Met prei maakte ik voor het eerst kennis toen ik op kamers ging. Thuis aten we dat nooit. Ik denk dat mijn moeder dat niet zo'n succes vond. Mijn kamergenoot maakte het regelmatig en ik probeerde het ook. Best lekker! 

Geef mij geen zuurkool want ik krijg het niet door mijn keel. En echt wel geprobeerd. Voor die zuurkool maakte mijn moeder een uitzondering. Op die ene keer na dat de baas van mijn vader met etenstijd langskwam. Toen zat ik opeens boven met mijn bord omdat ik het niet wilde eten. Een soort opvoedkundige actie voor de ogen van het bezoek? Ik kan er nog verontwaardigd over worden. 

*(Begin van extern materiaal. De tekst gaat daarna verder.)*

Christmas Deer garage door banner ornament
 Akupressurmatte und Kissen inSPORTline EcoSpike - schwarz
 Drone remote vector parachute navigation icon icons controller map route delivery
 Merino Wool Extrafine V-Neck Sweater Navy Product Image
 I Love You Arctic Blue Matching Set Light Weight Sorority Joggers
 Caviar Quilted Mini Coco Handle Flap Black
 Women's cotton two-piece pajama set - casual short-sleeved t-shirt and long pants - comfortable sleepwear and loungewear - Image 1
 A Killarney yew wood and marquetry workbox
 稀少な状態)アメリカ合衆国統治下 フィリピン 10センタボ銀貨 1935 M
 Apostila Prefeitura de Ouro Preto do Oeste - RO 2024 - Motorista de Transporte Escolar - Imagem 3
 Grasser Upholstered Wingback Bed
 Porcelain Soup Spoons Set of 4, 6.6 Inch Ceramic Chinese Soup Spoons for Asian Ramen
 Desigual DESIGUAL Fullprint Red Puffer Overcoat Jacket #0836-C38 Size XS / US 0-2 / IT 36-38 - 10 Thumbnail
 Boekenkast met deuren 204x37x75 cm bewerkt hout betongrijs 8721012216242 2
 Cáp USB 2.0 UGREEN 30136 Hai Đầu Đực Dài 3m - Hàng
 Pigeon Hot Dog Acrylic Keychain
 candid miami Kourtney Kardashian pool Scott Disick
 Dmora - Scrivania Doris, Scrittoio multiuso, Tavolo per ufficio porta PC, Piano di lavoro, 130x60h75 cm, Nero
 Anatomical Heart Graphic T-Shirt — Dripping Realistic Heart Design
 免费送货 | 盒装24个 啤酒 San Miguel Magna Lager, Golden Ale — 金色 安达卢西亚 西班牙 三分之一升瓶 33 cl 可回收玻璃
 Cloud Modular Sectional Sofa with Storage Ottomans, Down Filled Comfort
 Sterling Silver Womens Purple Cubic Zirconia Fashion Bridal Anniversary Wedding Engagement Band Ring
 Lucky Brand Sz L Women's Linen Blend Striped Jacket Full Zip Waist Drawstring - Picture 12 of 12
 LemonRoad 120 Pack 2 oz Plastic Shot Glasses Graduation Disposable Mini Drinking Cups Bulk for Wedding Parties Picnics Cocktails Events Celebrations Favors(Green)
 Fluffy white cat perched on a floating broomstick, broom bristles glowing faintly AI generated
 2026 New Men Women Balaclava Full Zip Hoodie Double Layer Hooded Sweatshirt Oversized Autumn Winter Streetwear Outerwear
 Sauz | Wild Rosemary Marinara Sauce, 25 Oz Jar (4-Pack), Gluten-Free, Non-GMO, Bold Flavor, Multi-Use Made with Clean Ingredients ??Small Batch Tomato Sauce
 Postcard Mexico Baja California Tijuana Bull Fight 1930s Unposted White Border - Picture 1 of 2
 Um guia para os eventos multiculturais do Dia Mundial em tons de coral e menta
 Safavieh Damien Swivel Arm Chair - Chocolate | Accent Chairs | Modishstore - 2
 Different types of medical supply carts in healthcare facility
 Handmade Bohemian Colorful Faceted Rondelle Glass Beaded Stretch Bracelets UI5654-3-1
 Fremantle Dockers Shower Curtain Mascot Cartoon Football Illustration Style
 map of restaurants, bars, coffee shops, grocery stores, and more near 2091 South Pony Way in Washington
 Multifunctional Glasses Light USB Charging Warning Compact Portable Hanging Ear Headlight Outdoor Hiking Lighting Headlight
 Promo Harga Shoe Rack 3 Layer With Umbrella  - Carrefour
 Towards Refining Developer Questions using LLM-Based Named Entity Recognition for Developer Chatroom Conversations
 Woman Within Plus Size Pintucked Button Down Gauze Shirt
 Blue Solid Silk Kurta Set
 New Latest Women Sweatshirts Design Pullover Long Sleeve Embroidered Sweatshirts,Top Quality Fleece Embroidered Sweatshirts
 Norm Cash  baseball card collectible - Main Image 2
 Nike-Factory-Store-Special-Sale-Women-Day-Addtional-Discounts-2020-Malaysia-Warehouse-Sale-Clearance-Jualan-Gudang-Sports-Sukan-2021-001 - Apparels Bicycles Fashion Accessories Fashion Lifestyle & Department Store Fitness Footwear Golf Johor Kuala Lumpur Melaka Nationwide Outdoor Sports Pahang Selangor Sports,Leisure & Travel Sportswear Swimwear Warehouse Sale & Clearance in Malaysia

Met die zuurkool in gedachten heb ik in ons gezin altijd een gerecht achter de hand gehad. Er was vaak wel een restje van de vorige dag waar ik iets mee kon. Toen de kinderen het huis uit waren maakte ik nog lang zuurkool voor de een, prei voor de ander. Die prei gaat nu door allerlei gerechten. Met de zuurkool zal het hem niet worden. 

Mijn zwager groeide op in een gezin met elf kinderen. Die konden daar niet aan beginnen. Het was eten wat de pot schafte. Daardoor lust hij nu alles. Ook dat begrijp ik wel. 
Voorlopig zijn we hier thuis overgeschakeld van eten wat de pot schaft naar eten wat het land schaft  😉.